一見すると海賊版DVDにも見えるかもしれないが、ドン・キホーテや100円ショップで堂々と売っていることからもわかる通り、法律的には セーフ な代物だ。
かと言ってディズニーにちゃんと許諾を取っているわけでもない(同社は把握こそしているだろうが)。
ではなぜ、著作権に滅法厳しいことで知られるディズニーを尻目に、ミッキーたちの出てくるDVDを100円で売れるのかと言うと、その作品が「パブリックドメイン」だからなのだ。


そもそも著作権は何のためにあるのか?


著作権とは、自分の作った作品がどう使われるのか、創作者自身が決められる権利である。
厳密には複数の権利の集合体であるが、単に「著作権」と言う場合、「著作財産権(著作物を利用して収益や名声を得られる権利)」を指すことが多い(本項目もそれに倣っている)。
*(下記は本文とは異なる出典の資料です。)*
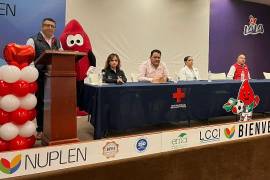 Representantes de empresas laguneras, entre ellas LALA, se sumaron al arranque del Donatón 2026, iniciativa que busca fortalecer la cultura de la donación altruista de sangre en la región. FOTO: SANDRA GÓMEZ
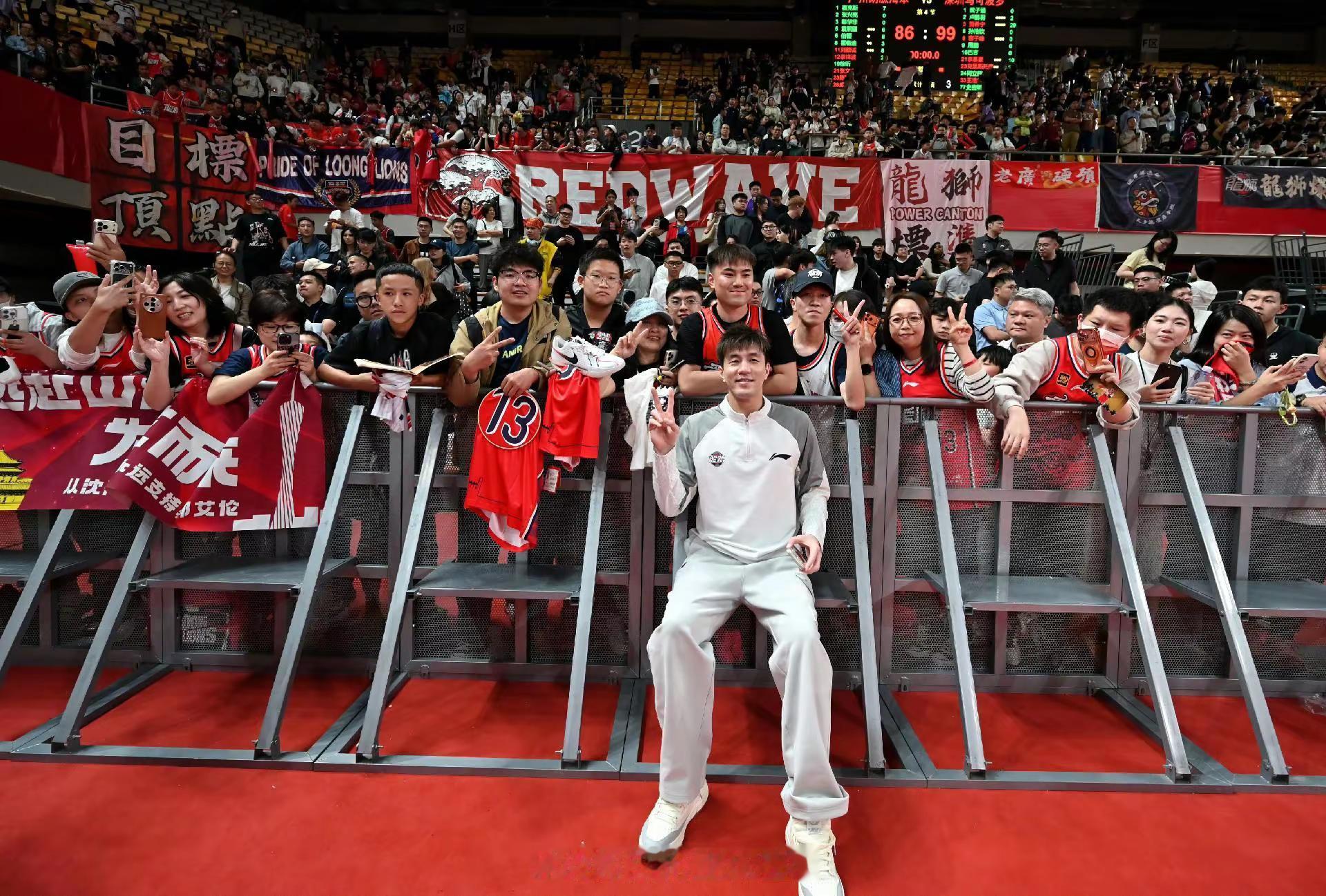 场边和球迷合影。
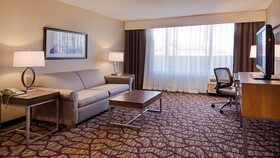 Holiday Inn & Suites Warren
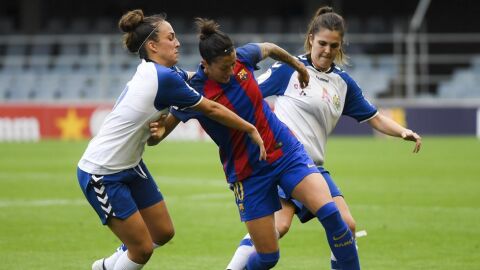 Jenni Hermoso disputa un bal&oacute;n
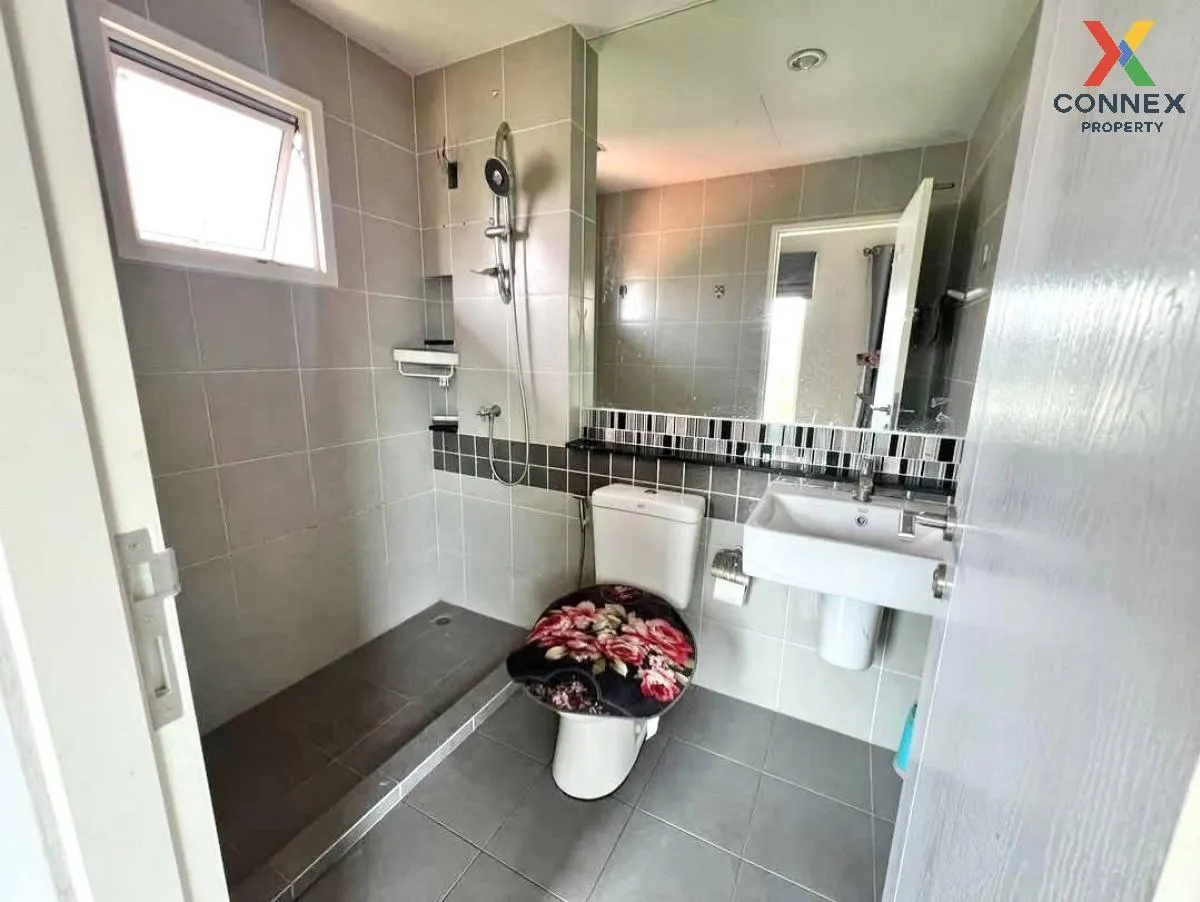 For Sale House , Kanasiri Chaiyaphruek - Wongwaen , wide frontage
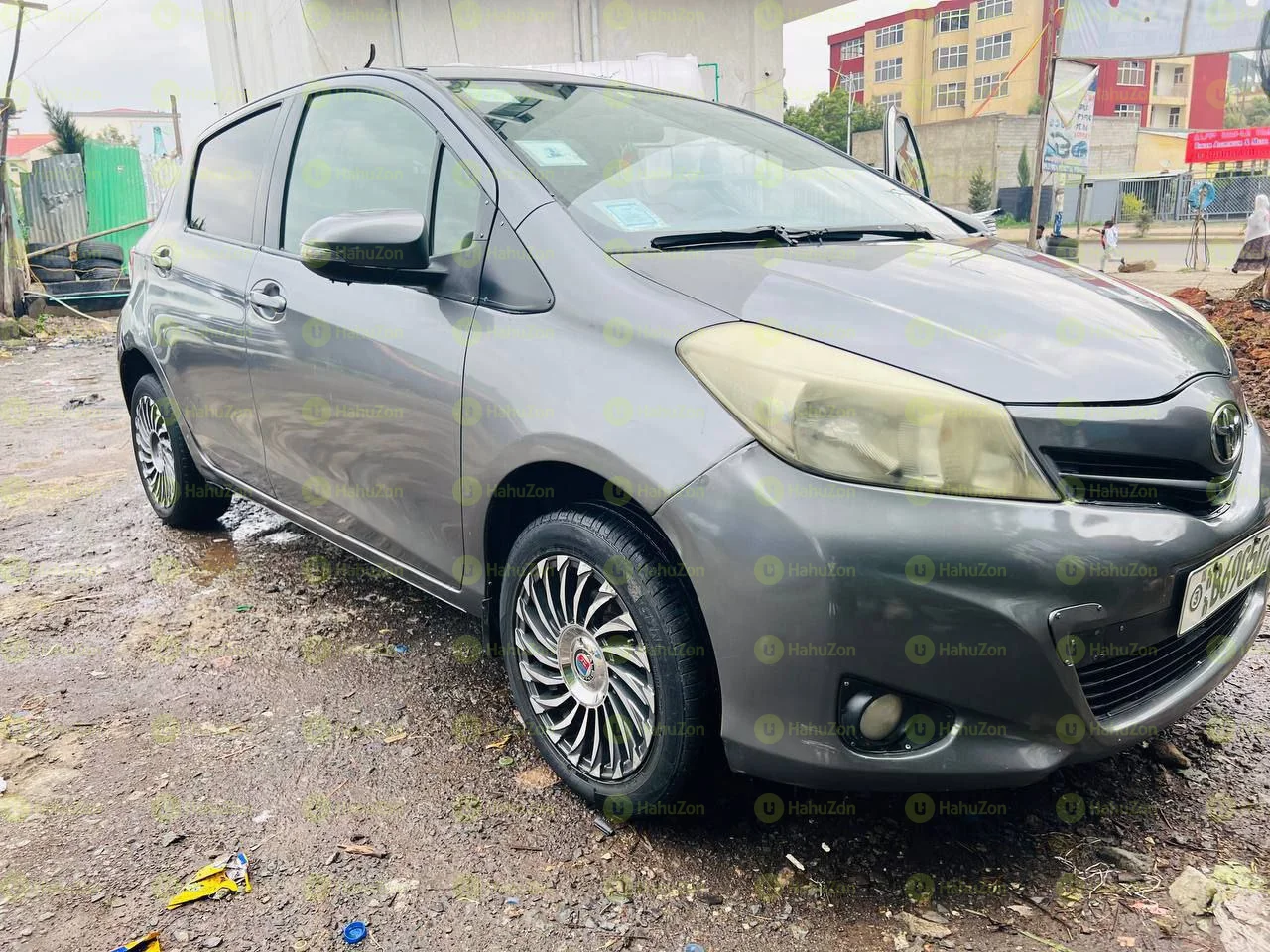 2011 Model-Toyota Yaris Compact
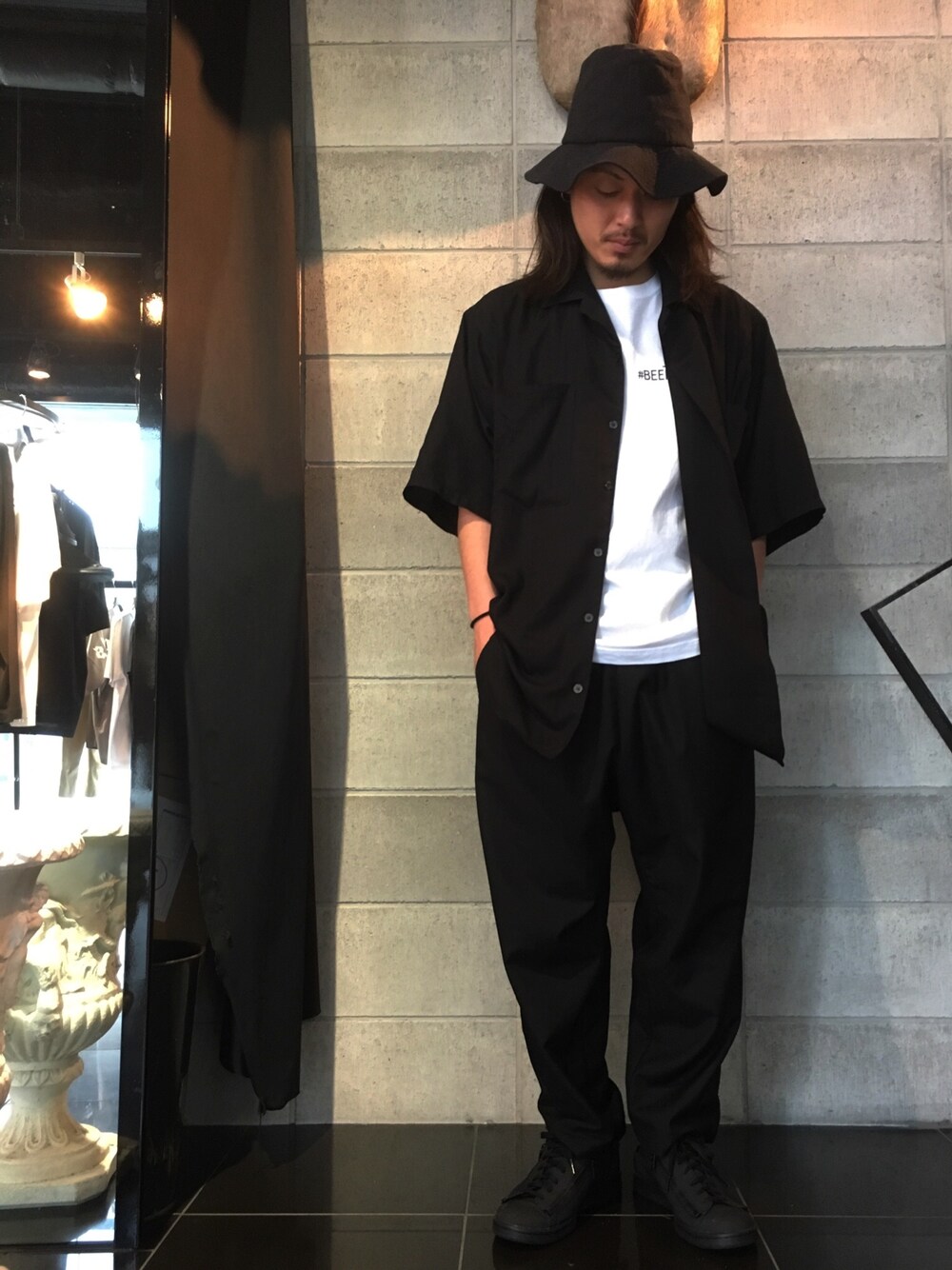 「LHP、yohjiyamamoto、Danke schon、Y-3、LHP名古屋、オトナカジュアル、WHITELAND BLACKBURN」｜「Y-3のアイテム（スニーカー、ブラック系）」を使った、kazuya muraiさん（メンズ・168cm）の夏コーディネートの1枚目の写真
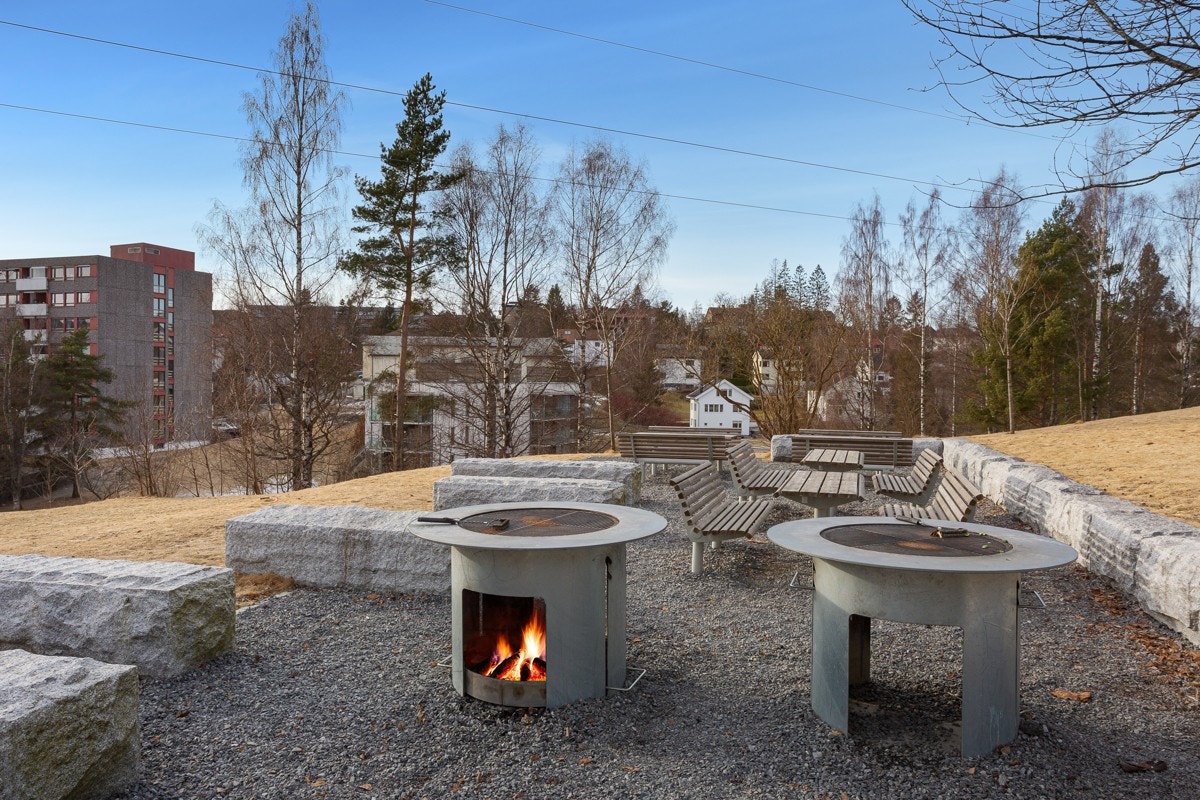 Borettslaget har en flott, felles grillplass med griller og sittegrupper til fritt bruk. Galleribilde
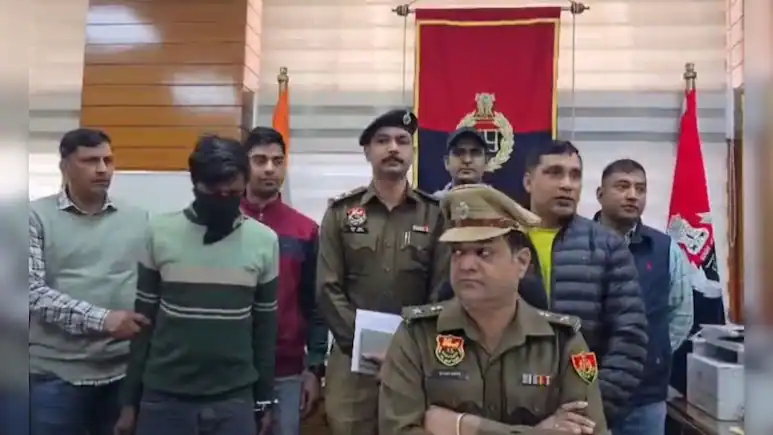 हैवानियत की हदें पार: प्रेमिका का गला घोंटा, सिर काट जंगल में फेंका।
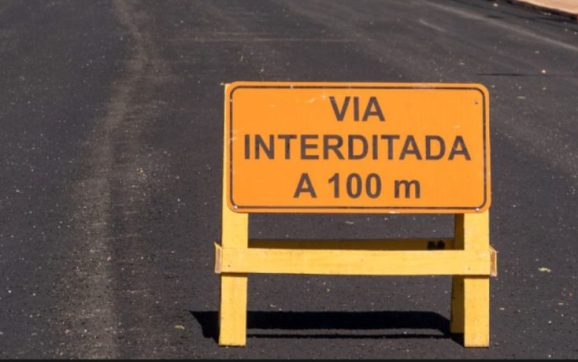 Avenida dos Estudantes terá interdição parcial para receber novo microrrevestimento em Rondonópolis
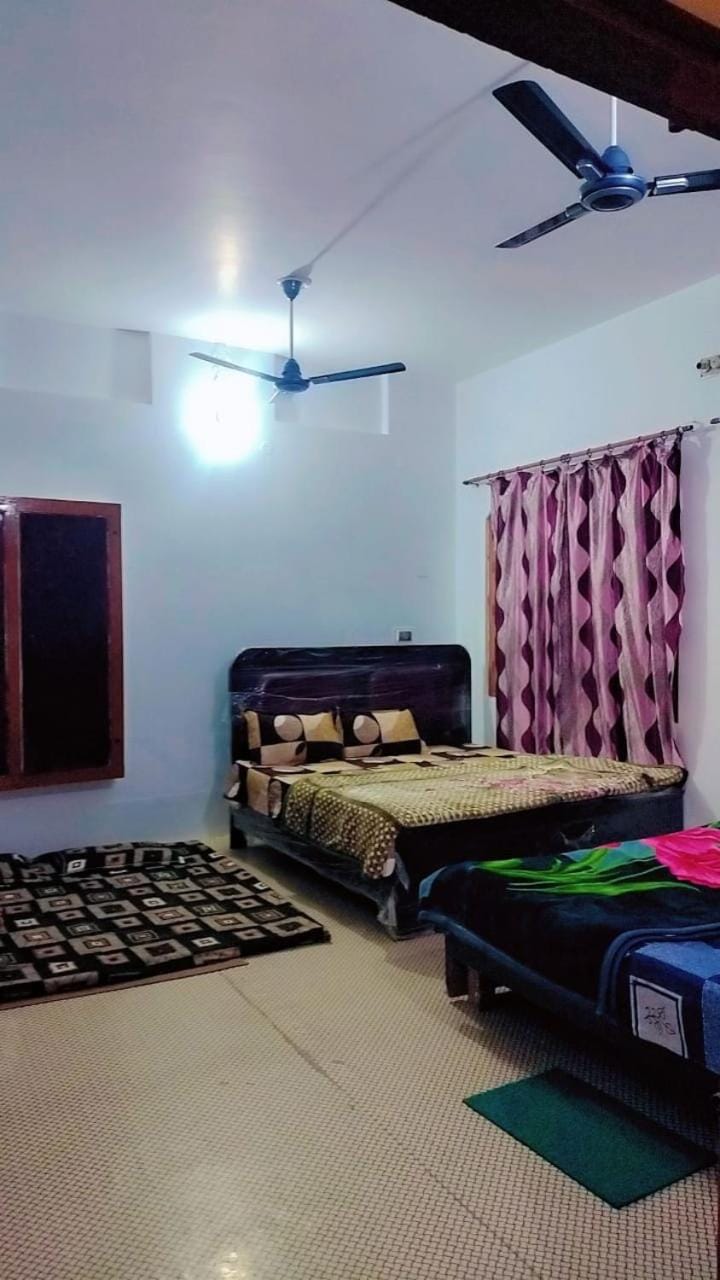 GIRDHAR GUEST House Vacation rental in Uttar Pradesh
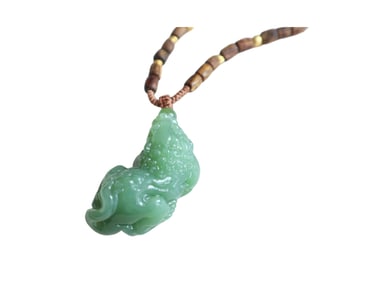 Superb Chinese Green Hetian Jade Carved Fortune Pixiu Pendant w Hand Woven Wood Beads Necklace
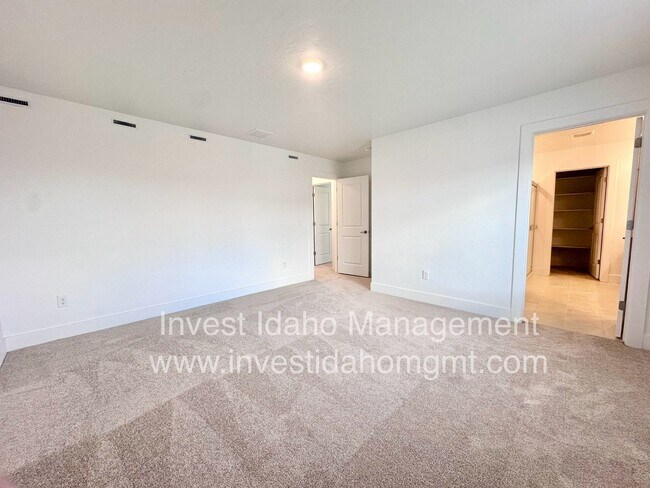 Building Photo - Spacious Luxury Townhome Designed for Modern Living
さて、著作権は本来、最初に作った人の権利を守るためにある。
最初に画期的なキャラクターやストーリーを考え出したり、それを綺麗なイラストやアニメーションに仕上げたりした人が努力して得た利益を、後からコピーしただけの奴にかすめ取られたら誰だって理不尽に感じるし、そんな社会では創作活動も委縮してしまう。
また、せっかく作った作品を他人が勝手に変えることを好まない作者も大勢いる。
だから「人様の作品を勝手に真似したり内容を変えたりしちゃダメ! 使いたいならきちんと許可取ってお金払ってね」と著作権(法)を定めたというわけ。
要するに、「最初に作った人」に創作を続けてもらいつつ、「この世にないものを作ってやる!」と奮起する人も絶えないようにするための権利なのだ。

しかしその一方で、広く社会に浸透し一般的なものになった創作物をいつまでも保護していたのでは、そのこともかえって創作活動を制限してしまう。
「創作物はどこまで/いつまで作者のものか?」というのは難しい問題だが、多くの国では、
「作者の死去、もしくは作品の公表後50年~70年くらい*1経ったらその作品は公共のものとし、いちいち許可を取らなくても使えるようにしましょう」としている。
国が決めたこの年月が過ぎて、「著作権切れ」状態になった作品が「パブリックドメイン」*2となるのだ。

ちなみに「クリエイティブ・コモンズ・ライセンス」は最初から二次利用を一定の範囲で許可するもので、パブリックドメインとは全くの別物。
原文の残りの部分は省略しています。